Aqui procurarei depositar retalhos de Estórias e da História de Mossâmedes (Moçâmedes, actual Namibe), uns, resgatados às páginas de antigos livros e documentos retirados das prateleiras de alfarrabistas, ou rebuscados no interior de bibliotecas, reais e virtuais... e ainda outros, fundados em testemunhos de vivos e experiências vividas. Porque é nas estórias e na História, naquilo que de melhor ou pior aconteceu, que devemos, todos, portugueses e angolanos, europeus e africanos, buscar ensinamentos, para que, não repetindo os erros do passado, sejamos capazes de nos relançar e progredir no futuro, enquanto pessoas e cidadãos. Citando o Padre Ruela Pombo (*): "Os mortos guiam os vivos!... É verdade: sem freio nem chicote...O passado impõe-se ao presente, e garante o futuro.O homem egoísta é inimigo do verdadeiro Progresso e prejudicial à Sociedade. É esta a minha ...ilusão!"



(*) in
“Paulo Dias de Novais e a Fundação de Luanda – 350 anos depois...”, 2 de Dezembro de 1926 – Arquivo Histórico Ultramarino, Lisboa, Portugal












sábado, 9 de maio de 2009

Toninhas, focas e pinguins no mar de Moçâmedes

















O mar do distrito de Moçâmedes era um mar riquíssimo em pescado, aspecto que se deve à corrente fria de Benguela que constitui um dos mais importantes factores de moderação climática da zona.
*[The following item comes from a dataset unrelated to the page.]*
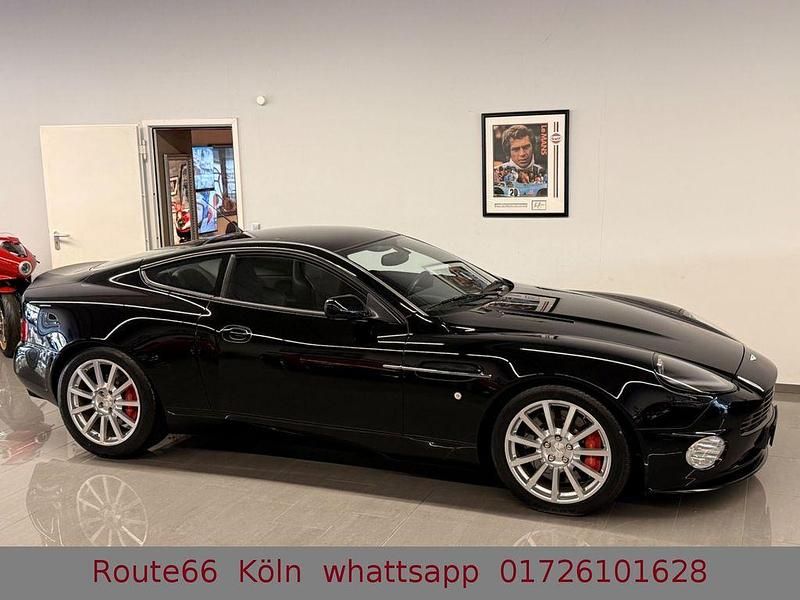 Używany Aston Martin Vanquish 528 KM (388 kW) 2008 Czarny Coupe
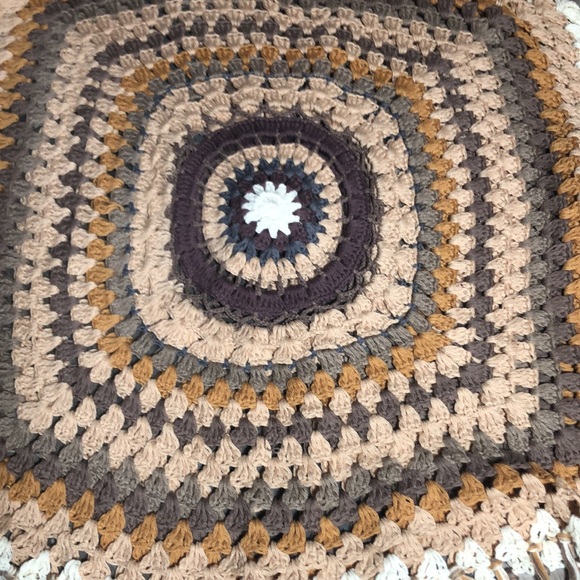 NWOT gorgeous Flook poncho top - Picture 4 of 14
Como funciona este assunto?
De maneira bem simples. Um dos braços da corrente quente do Brasil que aparece sobre o Equador, avança para o Atlântico Sul e acompanha as costas do Brasil e da Argentina. Nos mares da Antártida choca contra as geleiras da região, apodera-se de icebergues e mistura-se com outras correntes de água fria. Então começa a desviar-se em direcção à costa ocidental de África e passa a denominar-se «corrente fria de Benguela». Arrastando grandes blocos de gelo, avança com eles em direcção à costa de Angola. Cada icebergue é um zoológico ambulante onde navegam grupos de focas e pinguins, muitos dos quais terminam a sua viagem nas praias da Baía dos Tigres, Porto Alexandre ( actual Tômbua) e Moçâmedes (actual Namibe).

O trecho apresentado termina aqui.